■ **Data for this task**:

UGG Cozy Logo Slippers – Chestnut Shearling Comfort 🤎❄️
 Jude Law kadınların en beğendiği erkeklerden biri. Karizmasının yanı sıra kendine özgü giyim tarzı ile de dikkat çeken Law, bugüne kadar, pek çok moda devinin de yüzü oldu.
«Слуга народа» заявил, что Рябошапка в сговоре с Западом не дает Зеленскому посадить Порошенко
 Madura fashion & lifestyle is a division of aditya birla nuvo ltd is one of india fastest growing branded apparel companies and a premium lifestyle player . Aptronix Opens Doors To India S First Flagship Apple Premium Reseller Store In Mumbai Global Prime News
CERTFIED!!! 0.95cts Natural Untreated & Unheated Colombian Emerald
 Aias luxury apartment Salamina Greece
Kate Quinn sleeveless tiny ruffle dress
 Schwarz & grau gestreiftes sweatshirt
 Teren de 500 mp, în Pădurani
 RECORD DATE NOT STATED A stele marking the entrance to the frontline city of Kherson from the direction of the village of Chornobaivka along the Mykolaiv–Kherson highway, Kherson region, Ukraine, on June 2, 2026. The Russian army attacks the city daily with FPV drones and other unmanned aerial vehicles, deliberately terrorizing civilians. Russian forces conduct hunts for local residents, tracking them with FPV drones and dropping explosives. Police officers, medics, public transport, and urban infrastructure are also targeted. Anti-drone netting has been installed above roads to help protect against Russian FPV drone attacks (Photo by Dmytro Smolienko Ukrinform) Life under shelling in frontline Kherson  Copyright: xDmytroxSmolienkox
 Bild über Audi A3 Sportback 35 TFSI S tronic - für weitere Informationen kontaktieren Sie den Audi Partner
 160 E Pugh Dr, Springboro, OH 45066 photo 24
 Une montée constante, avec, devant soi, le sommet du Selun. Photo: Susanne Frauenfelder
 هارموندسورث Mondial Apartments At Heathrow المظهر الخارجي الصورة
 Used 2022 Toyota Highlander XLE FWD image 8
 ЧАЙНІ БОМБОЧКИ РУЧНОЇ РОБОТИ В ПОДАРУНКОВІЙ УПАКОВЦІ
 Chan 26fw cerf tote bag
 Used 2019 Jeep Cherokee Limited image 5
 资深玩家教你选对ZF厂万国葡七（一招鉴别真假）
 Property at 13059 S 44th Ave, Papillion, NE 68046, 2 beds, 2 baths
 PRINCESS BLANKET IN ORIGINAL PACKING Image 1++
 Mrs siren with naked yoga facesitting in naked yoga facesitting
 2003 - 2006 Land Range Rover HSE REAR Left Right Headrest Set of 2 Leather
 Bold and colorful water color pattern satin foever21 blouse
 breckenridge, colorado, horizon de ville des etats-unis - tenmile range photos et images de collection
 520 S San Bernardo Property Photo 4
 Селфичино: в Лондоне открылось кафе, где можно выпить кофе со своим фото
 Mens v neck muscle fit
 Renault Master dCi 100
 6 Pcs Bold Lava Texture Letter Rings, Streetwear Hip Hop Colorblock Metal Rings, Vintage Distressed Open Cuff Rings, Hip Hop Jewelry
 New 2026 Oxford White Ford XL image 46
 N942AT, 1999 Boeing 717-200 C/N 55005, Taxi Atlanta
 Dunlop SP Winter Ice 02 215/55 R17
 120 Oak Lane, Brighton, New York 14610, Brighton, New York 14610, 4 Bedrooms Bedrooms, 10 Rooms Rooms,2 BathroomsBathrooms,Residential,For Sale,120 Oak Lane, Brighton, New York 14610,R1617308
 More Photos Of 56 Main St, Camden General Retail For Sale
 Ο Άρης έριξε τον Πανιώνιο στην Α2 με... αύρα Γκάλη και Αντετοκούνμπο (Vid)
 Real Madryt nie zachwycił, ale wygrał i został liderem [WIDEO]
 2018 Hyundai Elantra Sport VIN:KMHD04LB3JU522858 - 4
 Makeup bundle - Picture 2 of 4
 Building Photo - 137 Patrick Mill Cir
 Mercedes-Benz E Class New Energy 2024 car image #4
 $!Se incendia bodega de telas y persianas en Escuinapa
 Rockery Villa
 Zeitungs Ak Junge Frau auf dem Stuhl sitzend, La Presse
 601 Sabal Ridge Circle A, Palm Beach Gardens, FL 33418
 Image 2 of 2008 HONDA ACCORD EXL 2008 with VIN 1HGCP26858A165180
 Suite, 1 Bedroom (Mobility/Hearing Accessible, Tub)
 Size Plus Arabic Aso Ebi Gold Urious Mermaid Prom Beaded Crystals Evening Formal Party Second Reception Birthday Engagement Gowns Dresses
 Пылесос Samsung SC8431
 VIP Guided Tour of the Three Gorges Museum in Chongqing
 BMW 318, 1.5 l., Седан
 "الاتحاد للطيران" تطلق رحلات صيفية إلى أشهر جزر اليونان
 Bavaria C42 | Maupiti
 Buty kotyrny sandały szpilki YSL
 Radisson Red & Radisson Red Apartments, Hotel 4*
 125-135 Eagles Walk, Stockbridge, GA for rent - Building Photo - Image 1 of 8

■ **Your objective**:
Give back the lines of the data exactly as they are written, from the first line through the line containing "Bold and colorful".

■ **Written reply**:
UGG Cozy Logo Slippers – Chestnut Shearling Comfort 🤎❄️
 Jude Law kadınların en beğendiği erkeklerden biri. Karizmasının yanı sıra kendine özgü giyim tarzı ile de dikkat çeken Law, bugüne kadar, pek çok moda devinin de yüzü oldu.
«Слуга народа» заявил, что Рябошапка в сговоре с Западом не дает Зеленскому посадить Порошенко
 Madura fashion & lifestyle is a division of aditya birla nuvo ltd is one of india fastest growing branded apparel companies and a premium lifestyle player . Aptronix Opens Doors To India S First Flagship Apple Premium Reseller Store In Mumbai Global Prime News
CERTFIED!!! 0.95cts Natural Untreated & Unheated Colombian Emerald
 Aias luxury apartment Salamina Greece
Kate Quinn sleeveless tiny ruffle dress
 Schwarz & grau gestreiftes sweatshirt
 Teren de 500 mp, în Pădurani
 RECORD DATE NOT STATED A stele marking the entrance to the frontline city of Kherson from the direction of the village of Chornobaivka along the Mykolaiv–Kherson highway, Kherson region, Ukraine, on June 2, 2026. The Russian army attacks the city daily with FPV drones and other unmanned aerial vehicles, deliberately terrorizing civilians. Russian forces conduct hunts for local residents, tracking them with FPV drones and dropping explosives. Police officers, medics, public transport, and urban infrastructure are also targeted. Anti-drone netting has been installed above roads to help protect against Russian FPV drone attacks (Photo by Dmytro Smolienko Ukrinform) Life under shelling in frontline Kherson  Copyright: xDmytroxSmolienkox
 Bild über Audi A3 Sportback 35 TFSI S tronic - für weitere Informationen kontaktieren Sie den Audi Partner
 160 E Pugh Dr, Springboro, OH 45066 photo 24
 Une montée constante, avec, devant soi, le sommet du Selun. Photo: Susanne Frauenfelder
 هارموندسورث Mondial Apartments At Heathrow المظهر الخارجي الصورة
 Used 2022 Toyota Highlander XLE FWD image 8
 ЧАЙНІ БОМБОЧКИ РУЧНОЇ РОБОТИ В ПОДАРУНКОВІЙ УПАКОВЦІ
 Chan 26fw cerf tote bag
 Used 2019 Jeep Cherokee Limited image 5
 资深玩家教你选对ZF厂万国葡七（一招鉴别真假）
 Property at 13059 S 44th Ave, Papillion, NE 68046, 2 beds, 2 baths
 PRINCESS BLANKET IN ORIGINAL PACKING Image 1++
 Mrs siren with naked yoga facesitting in naked yoga facesitting
 2003 - 2006 Land Range Rover HSE REAR Left Right Headrest Set of 2 Leather
 Bold and colorful water color pattern satin foever21 blouse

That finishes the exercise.